Paul has a devout, energized following and strong organization in both Iowa and New Hampshire, and any candidate who finishes behind Paul in either state could be embarrassed by the results and struggle to recover.
But Paul’s isolationist foreign policy views are in contrast to those of many in the Republican base. Many Republican analysts believe he cannot win the nomination because his support is drawn more from libertarians than traditional Republicans, an ardent but limited pool of voters that is smaller than any significant coalition of Republicans.
Harber though said that Paul could win or finish near the top in Iowa because of his fervent following and the commitment level it takes to go out and caucus for a full day rather than just cast a ballot.
“All of the campaigns have to take Ron Paul seriously,” he said. “The caucus scenario presents a Paul win opportunity… and he is that wedge — all the other campaigns have to outperform Ron Paul.”

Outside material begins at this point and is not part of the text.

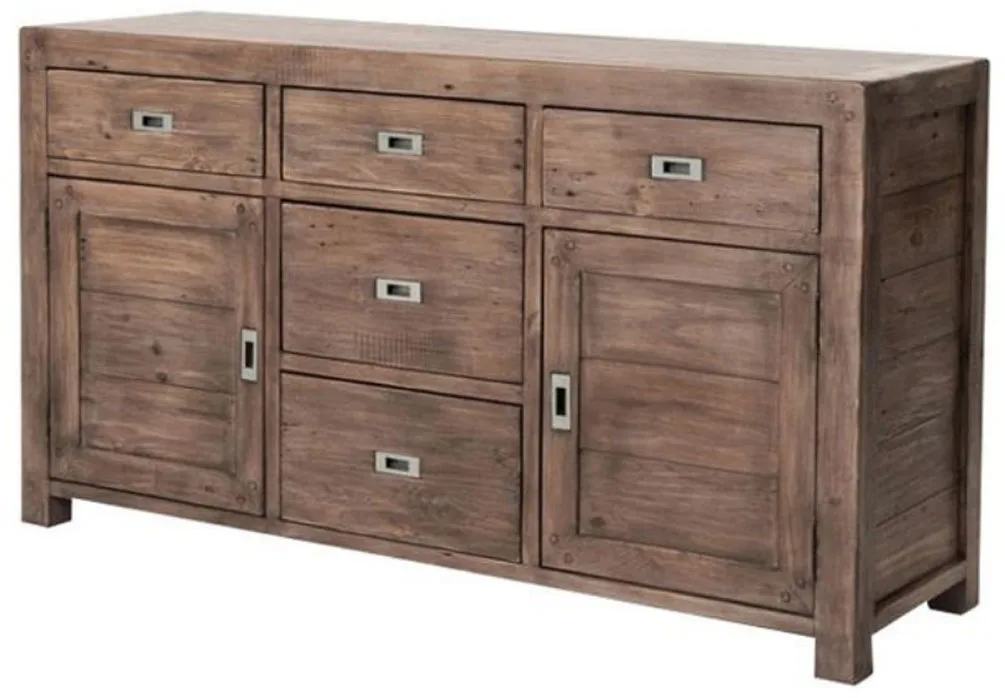 Reclaimed Wood Buffet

Paul was in a four-way statistical tie for first place with Mitt Romney, Herman Cain and Newt Gingrich in the latest reputable poll of Iowa Republicans, conducted last week for Bloomberg News. He came within 150 votes of winning the Ames Straw Poll, a major Republican event in the state, in August.

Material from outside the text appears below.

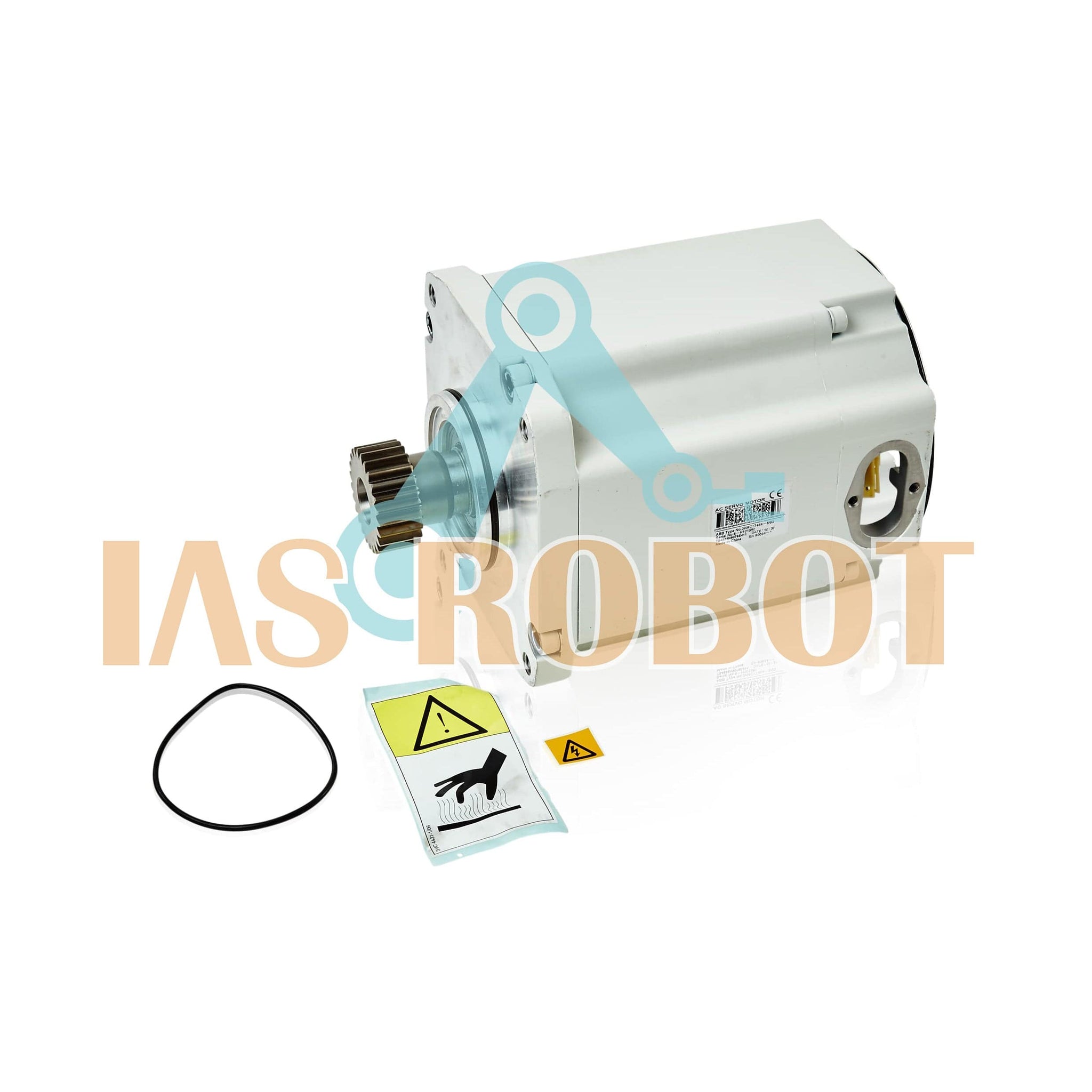 ABB Robotics 3HAC037163-003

Despite what Republican operatives call Paul’s hard ceiling of support, he is likely to perform well in Iowa. Any Republican candidate besides Mitt Romney who finishes behind him could find it difficult to convince voters and the media that they should be taken seriously going forward.
Iowa’s caucus results regularly force campaigns to admit defeat. But this year the winnowing effect may be more powerful, with a lot of flawed candidates, a wide-open field in the state and no candidates besides Paul, Romney and Rick Perry who have the cash to continue on after Iowa without the money momentum brings.

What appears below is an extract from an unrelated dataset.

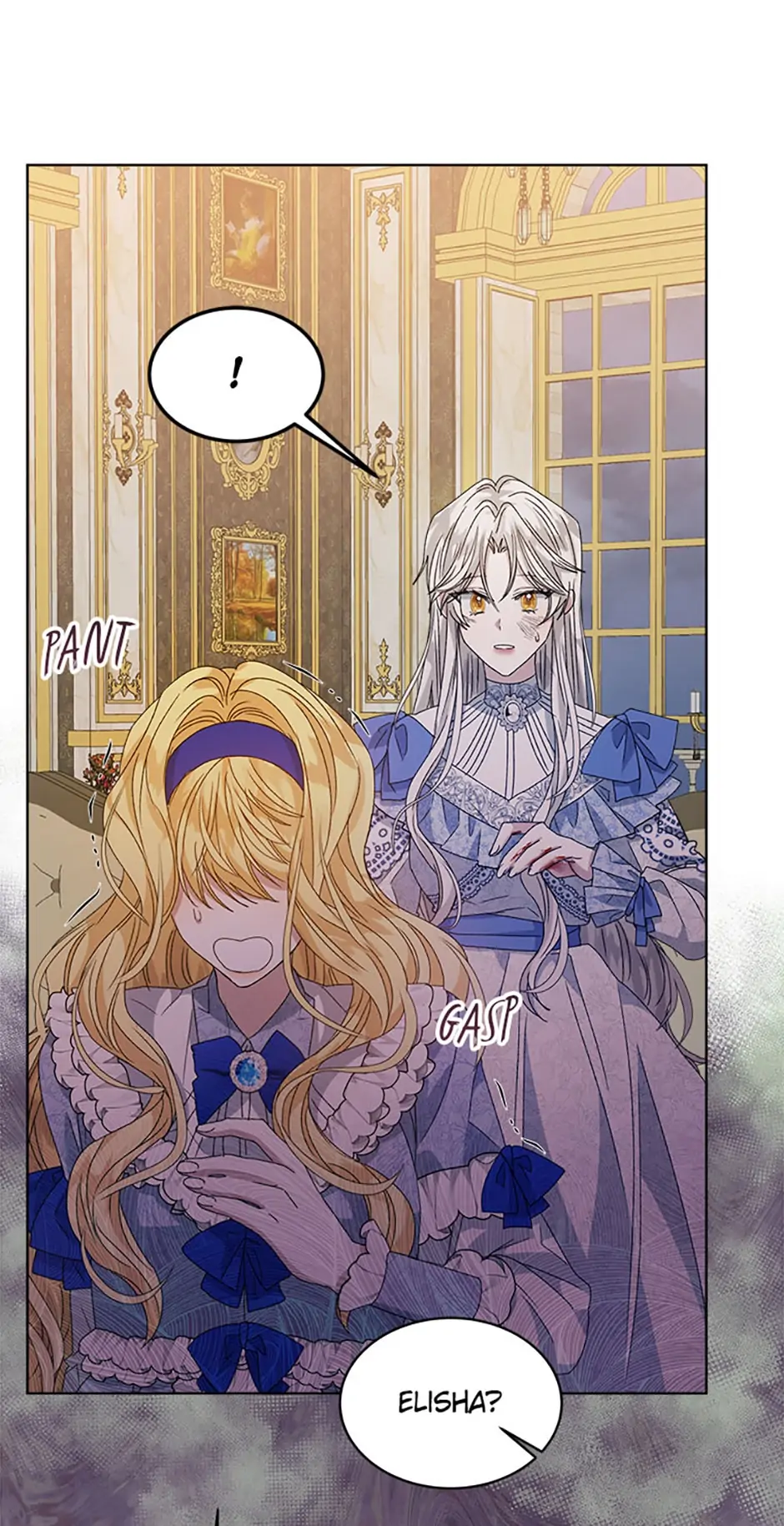Tired of Living in Fiction Chapter 10 - page 81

Romney has a firewall in New Hampshire that is unlikely to break unless he decides to invest heavily in Iowa, raises expectations and fails to meet them, an unlikely scenario. But all of the other candidates who are invested in Iowa must do well to move on.
“Usually I say there’s 3 tickets punched out of Iowa, but this year I think there’s one. Whoever wins or is second to Romney here, that second place finisher tries to coalesce the non-Mitt supporters around him,” said Tim Albrecht, who worked for Romney in 2008 and is Iowa Gov. Terry Branstad’s (R) communications director.
“I do think that Ron Paul is a big threat to the other candidates… they’re all just mired down there trying to be the alternative to Mitt Romney,” Albrecht said.
Harber predicted a strong Paul showing could help Romney.
“Ron Paul could be the best thing that happened to Romney, he’s the line between the first and second tier,” he said. “He could be the spoiler and separate the rest of the field from Romney, and help give him a good win in Iowa or New Hampshire.”
Paul’s campaign rejected the notion that he wasn’t appealing to mainstream Republican voters.
Because of his strong fundraising, Paul will be able to keep competing in state after state, giving Republican candidates a hurdle to clear in every early voting state.
His campaign has also invested heavily in caucus states, meaning that even if a candidate achieves strong frontrunner status he could be knocked off his game and be forced to address Paul rather than being able to turn towards the general election against President Obama.
Craig Robinson, a former political director of the Iowa Republican Party, said that it “would be deadly” for any candidate to finish behind Paul in Iowa or the other early voting states because it would hurt perceptions for that candidate’s electability.
Robinson predicted that “people are going to be like, ‘if you can’t beat Ron Paul… how are you going to beat Barack Obama?’